During the 2007-2009 recession, an estimated one out of every six U.S. workers lost their job at least once. The unemployment rate continued at a higher-than-average rate in the years that the economy was recovering. Research shows that the psychological and financial damage created through unemployment can be long-lasting.

The research completed by Prof. Pedulla involved over 2,400 applications, submitted for 1,210 open positions. The study was completed throughout five cities in the U.S. between November of 2012 and June of 2013. The fake resumes belonged to both female and male candidates who were graduates of large public universities throughout the Midwest.

The candidates were given similar work histories until the prior 12 months. For the most recent 12-month period, each candidate was put into one of five categories. The applicants were either unemployed, working at a job below their skill level (a retail store sales associate), were working at a position provided by a temporary employment agency, working a part-time position, or working full time.

Of the male and female applicants who currently already had full-time employment, over 10 percent received a call back from the potential employer.

The men and women who were working a job well below their skill level received much lower numbers. Of the women, 5.2 percent received a call back compared to 4.7 percent of male workers.

The candidates employed through a temporary agency received similar results. Men received a call back rate of 7.1 percent. This category came in second, only behind those who already had a full time job. The women employed through temporary services received a call back of 8.3 percent.

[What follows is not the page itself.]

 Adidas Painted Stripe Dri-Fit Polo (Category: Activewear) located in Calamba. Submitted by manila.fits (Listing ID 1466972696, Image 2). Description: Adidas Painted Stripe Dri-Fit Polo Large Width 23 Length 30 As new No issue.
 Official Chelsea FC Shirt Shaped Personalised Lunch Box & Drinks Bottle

When it came to hiring female applicants, the employers didn’t penalize them for being in a part-time job. They received a call back rate of 10.9 percent. However, male applicants who were currently working part-time positions only received a 4.8 percent call back rate. This was just slightly better than the 4.2 percent of unemployed men who received a call back. The rate of unemployed women who were called back was 7.5 percent.

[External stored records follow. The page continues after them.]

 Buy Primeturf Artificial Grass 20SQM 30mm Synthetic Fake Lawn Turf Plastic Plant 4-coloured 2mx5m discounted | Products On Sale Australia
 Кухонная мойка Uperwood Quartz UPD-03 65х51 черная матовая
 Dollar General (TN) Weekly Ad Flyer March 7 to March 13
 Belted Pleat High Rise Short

Discrimination against men

According to a separate survey, which was given to managers in charge of the hiring process, men are penalized for taking a part-time position because it creates the perception of a lack of commitment.

While this does not explain why managers don’t perceive women that way, maybe managers assume that women working part-time may have done so for childcare reasons (and are now more available to work full-time) whereas men (whom managers may assume have never had to cut back on work hours for childcare reasons) in a part-time role might be signaling something negative about their competency.

 

Generalists Get Better Job Offers Than Specialists

Jack of all trades

Damon Phillips, a professor at Columbia Business School, recently corroborated with Jennifer Merluzzi, an assistant professor at the University of Tulane. They began studying and researching records of around 400 business students who had graduated in 2008 and 2009 from some of the nation’s top MBA programs. The two created detailed profiles of each of the graduates, which included their work histories before, during, and after college and the grades they had received while in school. The results of their studies showed the individuals who specialized in the area of investment banking during college had been less likely to receive more than a couple of job offers, versus the students who had a wider range of experiences and backgrounds.

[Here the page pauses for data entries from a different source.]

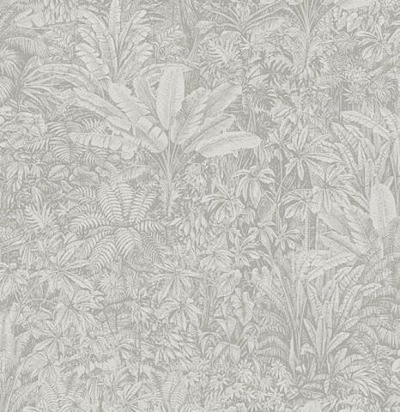 Джунгли в монохромном исполнении. Детальная прорисовка, эффект объемного изображения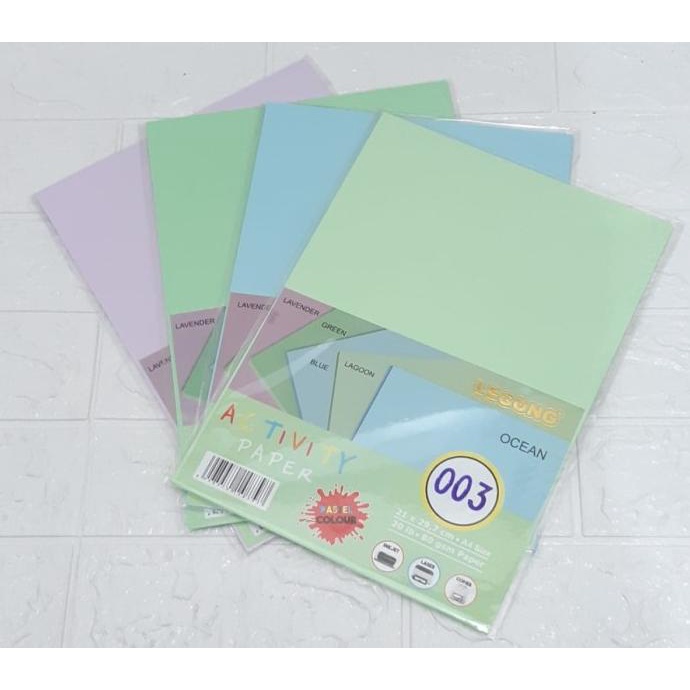 

KERTAS ORIGAMI ACTIVITY A4 LEGONG PASTEL POP 1 / KERTAS ORIGAMI POP 1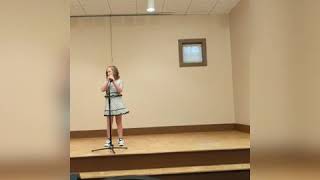 Zoey Beard singing two black Cadillacs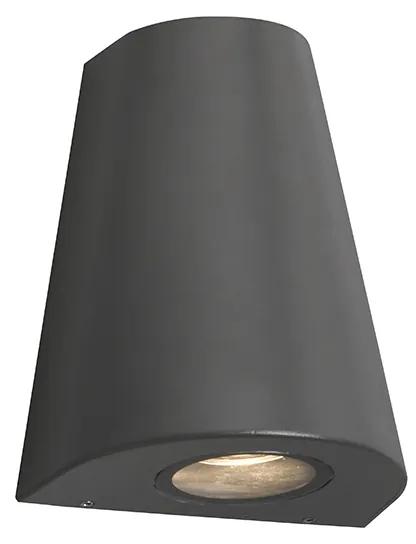 Lampada da parete moderna grigio scuro IP44 - Dreamy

Merluzzi and Phillips set out to determine whether generalists truly are favored over specialists throughout the labor market. Does a jack of all trades have better odds of a more rewarding career?

Professor Merluzzi reported that specialists had certainty been penalized by the market. They not only had fewer job offers to choose from, they were also given lower signing bonuses for the positions that were made available to them. There were even cases of specialists in the field receiving over $45,000 less than their generalist counterparts.

When asked what differentiated specialists from generalists, professor Merluzzi said they took into consideration both the experiences and activities focused on the most before and during the students MBA program and throughout their internship periods. A student who had been employed by an investment bank before they began school, focused their attention on finance throughout school, and then completed an internship through an investment bank, would be considered a specialist.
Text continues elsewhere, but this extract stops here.